The reply is itself a message — type ACK — whose key content is the MSA (message acknowledgment) segment. The most important field, MSA-1, carries an acknowledgment code:

MSH|^~\&|LAB|HOSP|ADT1|HOSP|202406011230||ACK|MSG00001|P|2.5
MSA|AA|MSG00001

• AA — Application Accept: received and processed successfully.
• AE — Application Error: received, but a problem occurred (often with an accompanying ERR segment describing it).
• AR — Application Reject: rejected, typically for a structural or sequencing problem rather than a data error.

MSA-2 echoes the original message’s control id (MSH-10) so the sender can match the acknowledgment to the message it sent ². This pairing — every message answered by an ACK that names it — is what turns a one-way send into a reliable conversation.

Original vs. enhanced mode. Early v2 used a single acknowledgment. Later versions separated accept from application acknowledgment so a busy receiver can immediately confirm receipt, then send a second acknowledgment once processing finishes. MSH-15 and MSH-16 select the mode per message.

MLLP: framing messages on a TCP stream

An acknowledgment paradigm assumes both sides can tell where one message stops and the next starts. TCP, however, is a continuous byte stream — it has no notion of “message.” The near-universal solution is the Minimal Lower Layer Protocol (MLLP), which wraps each message in framing characters ³:

<VT>  <the entire HL7 message>  <FS><CR>

where <VT> is the vertical-tab byte (0x0B) marking the start of a block, and <FS><CR> (0x1C 0x0D) marks the end.
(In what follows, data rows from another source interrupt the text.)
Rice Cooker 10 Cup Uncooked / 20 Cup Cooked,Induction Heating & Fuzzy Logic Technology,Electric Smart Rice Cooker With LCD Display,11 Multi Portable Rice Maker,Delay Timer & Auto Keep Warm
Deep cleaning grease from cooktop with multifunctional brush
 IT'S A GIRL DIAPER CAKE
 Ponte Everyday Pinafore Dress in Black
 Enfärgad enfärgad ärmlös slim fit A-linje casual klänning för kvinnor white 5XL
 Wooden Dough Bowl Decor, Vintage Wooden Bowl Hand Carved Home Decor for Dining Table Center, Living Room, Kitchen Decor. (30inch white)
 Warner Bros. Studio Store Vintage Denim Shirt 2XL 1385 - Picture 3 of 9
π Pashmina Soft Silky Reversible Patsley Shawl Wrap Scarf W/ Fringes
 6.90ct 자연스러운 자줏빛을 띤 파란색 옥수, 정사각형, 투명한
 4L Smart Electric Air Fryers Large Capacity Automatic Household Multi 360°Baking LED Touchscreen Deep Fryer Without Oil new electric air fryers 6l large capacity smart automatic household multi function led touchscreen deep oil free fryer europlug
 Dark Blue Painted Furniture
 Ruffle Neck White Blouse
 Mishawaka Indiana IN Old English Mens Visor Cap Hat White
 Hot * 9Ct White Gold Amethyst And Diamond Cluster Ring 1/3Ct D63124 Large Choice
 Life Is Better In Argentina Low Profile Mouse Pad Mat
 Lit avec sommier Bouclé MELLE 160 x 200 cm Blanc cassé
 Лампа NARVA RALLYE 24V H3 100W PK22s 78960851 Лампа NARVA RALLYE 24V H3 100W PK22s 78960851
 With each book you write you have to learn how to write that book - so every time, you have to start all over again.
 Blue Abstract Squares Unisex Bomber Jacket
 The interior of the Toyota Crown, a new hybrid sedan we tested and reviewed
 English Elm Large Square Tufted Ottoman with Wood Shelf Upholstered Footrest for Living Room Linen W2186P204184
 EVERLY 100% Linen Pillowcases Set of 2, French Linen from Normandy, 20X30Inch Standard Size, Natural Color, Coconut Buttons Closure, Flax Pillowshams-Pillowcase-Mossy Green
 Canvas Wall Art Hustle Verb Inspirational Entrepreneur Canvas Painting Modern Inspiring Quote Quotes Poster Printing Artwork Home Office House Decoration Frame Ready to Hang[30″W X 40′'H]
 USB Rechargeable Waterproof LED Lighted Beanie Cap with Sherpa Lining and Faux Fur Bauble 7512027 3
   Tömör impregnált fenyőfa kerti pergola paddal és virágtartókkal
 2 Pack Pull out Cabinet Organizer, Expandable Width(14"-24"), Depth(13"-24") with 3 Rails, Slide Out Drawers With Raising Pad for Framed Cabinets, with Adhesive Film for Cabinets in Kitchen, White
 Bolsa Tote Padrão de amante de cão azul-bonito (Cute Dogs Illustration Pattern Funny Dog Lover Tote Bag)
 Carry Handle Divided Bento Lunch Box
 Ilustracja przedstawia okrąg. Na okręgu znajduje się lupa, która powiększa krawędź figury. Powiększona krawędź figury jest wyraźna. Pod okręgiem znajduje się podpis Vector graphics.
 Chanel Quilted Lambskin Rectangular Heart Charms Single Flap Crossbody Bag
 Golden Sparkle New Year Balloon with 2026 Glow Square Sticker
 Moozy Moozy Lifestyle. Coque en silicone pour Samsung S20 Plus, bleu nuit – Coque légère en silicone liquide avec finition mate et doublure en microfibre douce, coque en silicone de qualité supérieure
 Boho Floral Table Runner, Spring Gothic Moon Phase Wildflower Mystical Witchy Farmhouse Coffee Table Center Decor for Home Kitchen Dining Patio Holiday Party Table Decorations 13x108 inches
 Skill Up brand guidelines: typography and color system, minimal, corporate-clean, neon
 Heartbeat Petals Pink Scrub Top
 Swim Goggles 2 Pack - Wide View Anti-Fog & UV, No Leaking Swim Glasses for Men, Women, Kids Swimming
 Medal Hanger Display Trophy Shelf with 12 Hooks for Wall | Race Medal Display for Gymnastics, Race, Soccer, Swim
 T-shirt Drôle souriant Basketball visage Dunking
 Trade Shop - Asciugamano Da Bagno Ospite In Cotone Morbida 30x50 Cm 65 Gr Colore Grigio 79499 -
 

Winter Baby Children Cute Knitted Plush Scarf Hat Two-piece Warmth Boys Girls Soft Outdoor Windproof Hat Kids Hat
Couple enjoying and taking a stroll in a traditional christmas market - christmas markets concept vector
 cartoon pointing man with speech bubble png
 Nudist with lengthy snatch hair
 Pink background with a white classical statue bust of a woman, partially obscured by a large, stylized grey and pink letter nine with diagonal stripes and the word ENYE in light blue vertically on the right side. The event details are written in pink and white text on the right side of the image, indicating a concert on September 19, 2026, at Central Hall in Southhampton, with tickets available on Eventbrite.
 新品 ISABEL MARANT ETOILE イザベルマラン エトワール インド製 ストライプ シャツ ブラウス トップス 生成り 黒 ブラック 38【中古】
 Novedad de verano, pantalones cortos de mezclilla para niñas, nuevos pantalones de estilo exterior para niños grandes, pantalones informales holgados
A receiver reads bytes until it sees the end-of-block sequence, then hands the framed content to its HL7 parser.

MLLP “has a long history of use within the HL7 community” and is the default transport for essentially every v2 integration engine, even though it sits below the message standard itself rather than inside it ³. Its Release 2 adds commit acknowledgments to make the transport itself reliable, distinct from the application-level ACK described above ³.

Why this matters before moving on

Segments tell you what a message says; the acknowledgment and MLLP layers tell you whether it was delivered and accepted. Most real-world interface troubleshooting — messages that “disappear,” duplicate sends, stalled queues — lives in exactly this layer. Keep the two halves distinct: MLLP guarantees the bytes were framed and received; the MSA acknowledgment tells you what the application did with them.